Languaglessness of this sort is not conjectural. Particularly before the rise of mandatory childhood education, when it was not rare for the pre-lingually deaf to go unexposed to anyone besides their immediate family for decades. For instance, in 18th century France, Jean Massieu was without language until the age of seventeen (Sacks 35). Born deaf, his sole mode of communication until his teenage years was a invented form of sign language, so rudimentary that it lacked any sort of grammar. A human being is not mindless or mentally deficient without language, but he is severely restricted in the range of his ideas. “It is not that he lacked a mind, but that he was not using his mind fully” (Sacks 34). Language is more than a simple substrate. It is not just strings of symbols on a page or successive utterances, vibrations in the air produced in response to breath pushed out over the larynx. Rather, it exerts an active force on our thoughts. In a concrete way, Wittgenstein is entirely right in saying that “the limits of my language mean the limits of my world,” particularly with respect to language’s absence. The essential function of language is not to merely to enable the mechanical act of communication, but produce the shared conceptual understandings that make communication possible. Unexposed to language’s symbolic inheritance, people are largely restricted to a world of immediate sensation, devoid of any abstract, communal concepts. These isolated souls are perhaps the only true individuals.

Though I have no direct experience with deafness, I have always had the vague idea that others possessed an ability that I did not. At various times, I’ve attempted to analogize it as a lack of “social proprioception” – proprioception being the ability to sense the orientation of your body in your environment. It is another one of those sedimented capacities that is invisible until absent. It allows you to move quickly and freely without having to consciously think about where you are in space. Some people lose the ability or are born lacking it. They are still entirely mobile, yet each motion must be deliberate and conscious which results in a wooden, uncanny movement.

While I can move my limbs intuitively, conversation has always demanded a concerted effort. My attempts are clumsy and awkward. I sound uncoordinated as if my tongue is decoupled from the thoughts it articulates. My words lurch out either in a rapid staccato or languid, hesitating drawl, interrupted by long pauses. I am fortunate to look the way that I do and so my ineptitude is charitably mistaken for aloofness or disinterest. I wonder what I would have been diagnosed with if I appeared differently or if I wasn’t adept enough to compensate for my lack of social intuition with rote stories, each practiced until the artificiality of the performance had been erased.

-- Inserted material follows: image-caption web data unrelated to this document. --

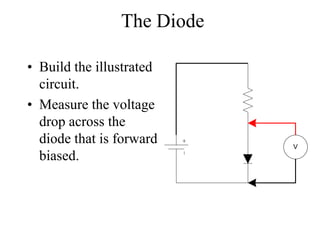The Diode
• Build the illustrated
circuit.
• Measure the voltage
drop across the
diode that is forward
biased.
V
 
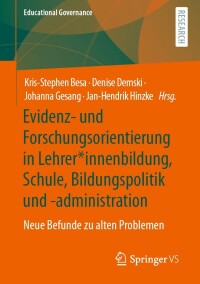 Cover image: Evidenz- und Forschungsorientierung in Lehrer*innenbildung, Schule, Bildungspolitik und -administration 9783658383763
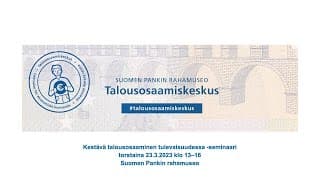 23.3.2023 Kestävä talousosaaminen tulevaisuudessa -seminaari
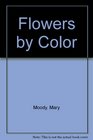 Flowers by Color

I am excruciatingly aware that the concepts and grammars that sustain communication across distinct and fundamentally isolated consciousnesses are not without their costs. Damage had to be done to facilitate this communication. Nietzsche says that “the history of language is the history of a process of abbreviation.” (Nietzsche, Beyond, 216). I’ve described already the cost of maintaining the shared illusion, which is the lie that each of us can truly speak and be heard. We compress ourselves and make ourselves similar, common. Still, when we talk to each other, though we speak in the same language, it has been subtly particularized. If language is mere abbreviation, then the dictionary is imprecise – contingent upon various experiences and individual interpretations.   

I am struck by how much is lost in that vertiginous space between consciousnesses, an intellectual Sargasso littered with the wrecks of ill fated voyages from one mind to another. Or perhaps this distance better conveyed as a desert that must be traversed: a dry and barren plain, whose unyielding sands overwhelm all but the most equipped caravans that attempt a crossing. I imagine a vast expanse, like those depicted by Dali. Wastelands studded with heaps of broken images, jettisoned or abandoned in transit.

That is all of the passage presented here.